Synopses & Reviews
A National Poetry Series winner, chosen by John Yau
These poems spin tales of traveling in a world both romantic and politicized, a world miniaturized by globalization and haunted by the figure of the cosmopolitan, who is aware of its saturated history, yet inspired by the knowledge that nostalgia is merely “memory decayed to sugar.” In the kingdom of Donna Stonecipher’s imagination, “a story is always forming to adorn reality,” and the fall of the Eastern bloc is reenacted the night “the girl with the DDR bag met the boy with the CCCP T-shirt.”

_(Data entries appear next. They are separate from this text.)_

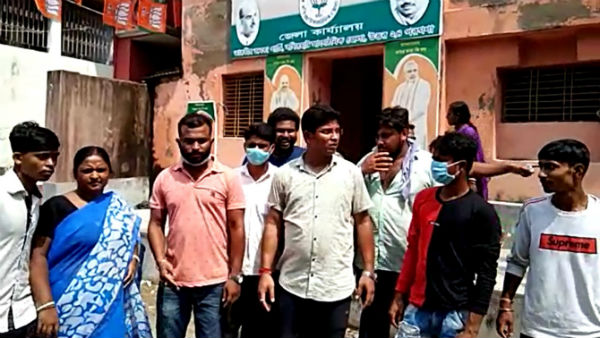 বিজেপির সভাপতি মার খেলেন যুব মোর্চার নেতা-কর্মীদের হাতে! গোষ্ঠীদ্বন্দ্বে তুলকালাম বিজেপির সভাপতি মার খেলেন যুব মোর্চার নেতা-কর্মীদের হাতে! গোষ্ঠীদ্বন্দ্বে তুলকালাম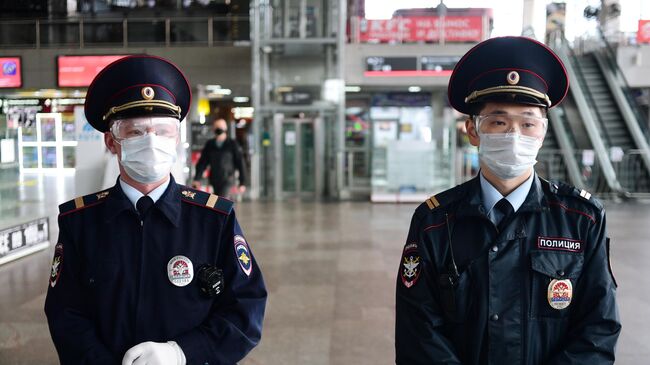 Сотрудники полиции в здании Курского вокзала в Москве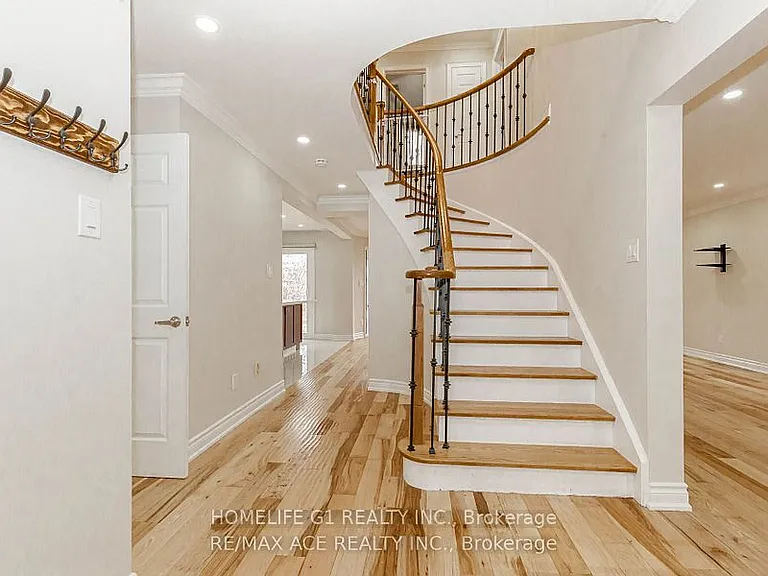 1319 Greenwood Cres — Photo 16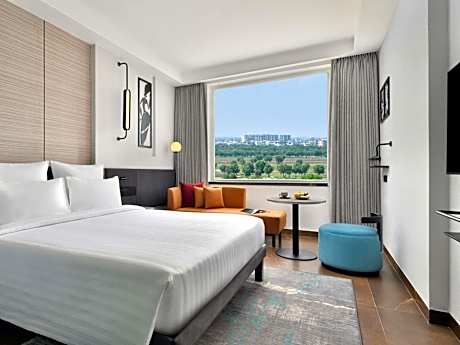 Superior King Room with Fort View: 10% Discount on Food & Beverage | 20% Discount on One Spa | Complimentary Welcome Drink | Happy Hours Offer - Buy 2 Get 1 Free on Alcoholic Beverages and Soft Beverages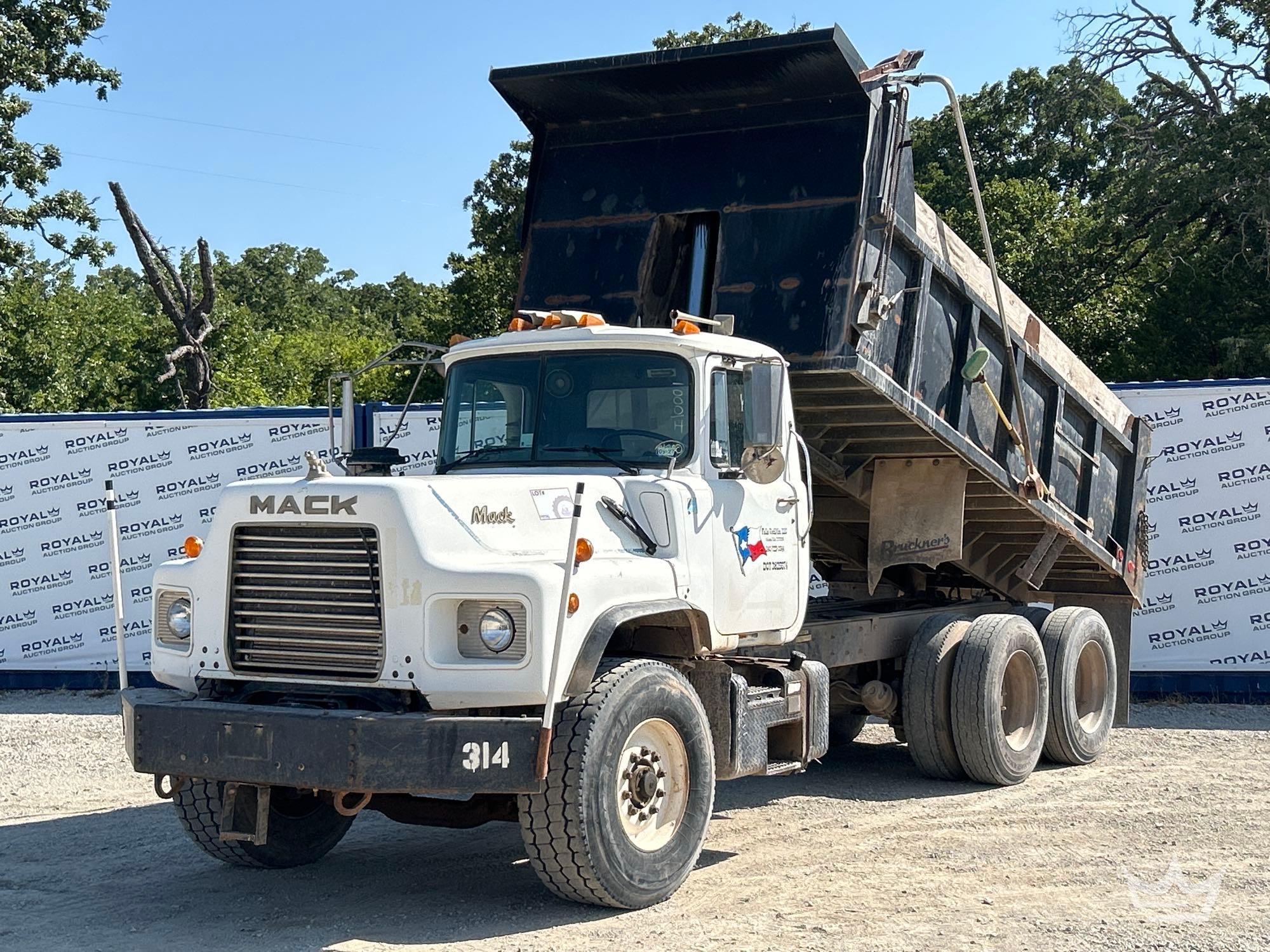 1994 Mack DM690S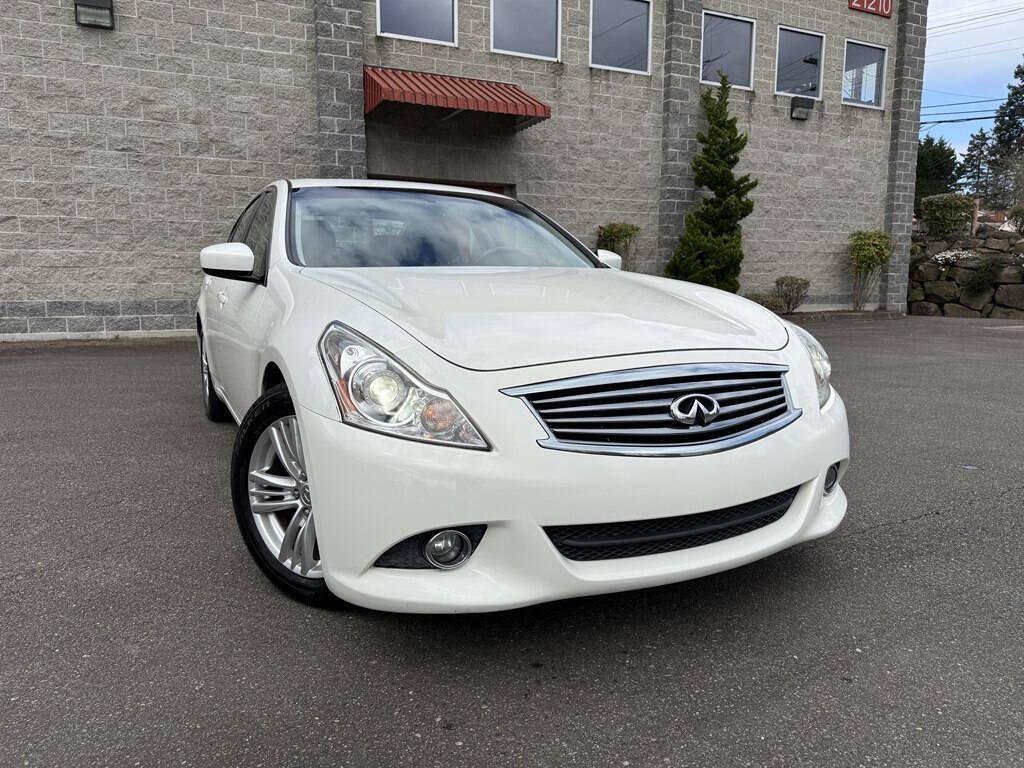 Used 2011 INFINITI G37 Journey w/ Premium Pkg RWD image 1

Donna Stonecipher is the author of The Reservoir and Souvenir de Constantinople. She grew up in Seattle and Tehran and makes her home both here and abroad.
Review
"In Donna Stonecipher’s new collection of prose poetry, one will find lockets, thimbles, French daguerreotypes, cyanometers, peacock feathers, a child’s stamp collection, architectural drawings, snow globes, spiraled seashells, ivory miniatures, stained glass pictures, and a replica pinhole camera. Indeed, so many rarefied objects abound in this series of prose poems, that it seems at first Stonecipher should have titled it The Curiosity Cabinet instead of The Cosmopolitan. But the collection’s perceptible narrative motion evades the stasis of the former, so that the figure of the drifting cosmopolitan artfully connects these curios lining the shelves of poetry." Alyssa Pelish, Rain Taxi (read the entire Rain Taxi review)
Synopsis
Ornate miniature travelogues full of adventure and philosophical intrigue.
About the Author
Donna Stonecipher, the author of two previous poetry collections, The Reservoir and Souvenir de Constantinople, also translates poetry and prose from French and German. She grew up in Seattle and Tehran and has lived in New York, Paris, Prague, Iowa City, and Berlin. She is currently studying in Athens, Georgia, and lives part-time in Seattle and Berlin.